Guida turistica per innamorarsi: recensione della rom-com su Netflix con Rachael Leigh Cook

Tags: film, netflix, Recensione

Guida turistica per innamorarsi chiede alla sua protagonista, interpretata dalla sempre giovane Rachael Leigh Cook, di fuggir via dalla propria comfort-zone ed esplorare nuove esperienze. Solo che lo fa spuntando la lista dei cliché più sfiancanti e prevedibili del genere di riferimento: rom-com “in viaggio” con innamoramento finale.

La trama ufficiale di Guida turistica per innamorarsi:

Dopo una separazione inaspettata, una dirigente del settore turistico (Rachael Leigh Cook) accetta l’incarico di recarsi sotto copertura in Vietnam per scoprire l’industria del turismo locale. Il suo percorso prende una piega avventurosa e romantica quando decide di modificare l’itinerario del bus turistico insieme alla sua guida vietnamita (Scott Ly) per esplorare la vita e l’amore allontanandosi dal tragitto prestabilito.

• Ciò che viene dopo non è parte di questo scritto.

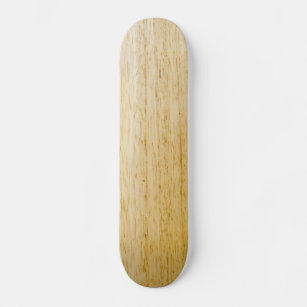 Skateboard Textura de madera de Hevea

La recensione di Guida turistica per innamorarsi:

Se avete familiarità con le commedie romantiche Netflix un po’ dozzinali, Guida turistica per innamorarsi l’avrete visto ancor prima di guardarlo davvero. Il film è la classica rom-com vacanziera che spunta la check-list delle cose da inserire in sceneggiatura: la protagonista perfettina oberata di lavoro e col cuore spezzato, viene mandata dal capo in Vietnam per assicurarsi che la piccola azienda di pullman turistici in vendita valga la pena o no l’acquisto. Fingendosi una vacanziera qualsiasi e nascondendo all’affascinante guida Sinh che a casa ha “lasciato” un fidanzato, arriverà per Amanda il momento di rivelarsi e di rincorrere il suo nuovo target amoroso in una stazione di treni in partenza coronando la sua nuova pagina di vita con un bacio su base musicale in crescendo.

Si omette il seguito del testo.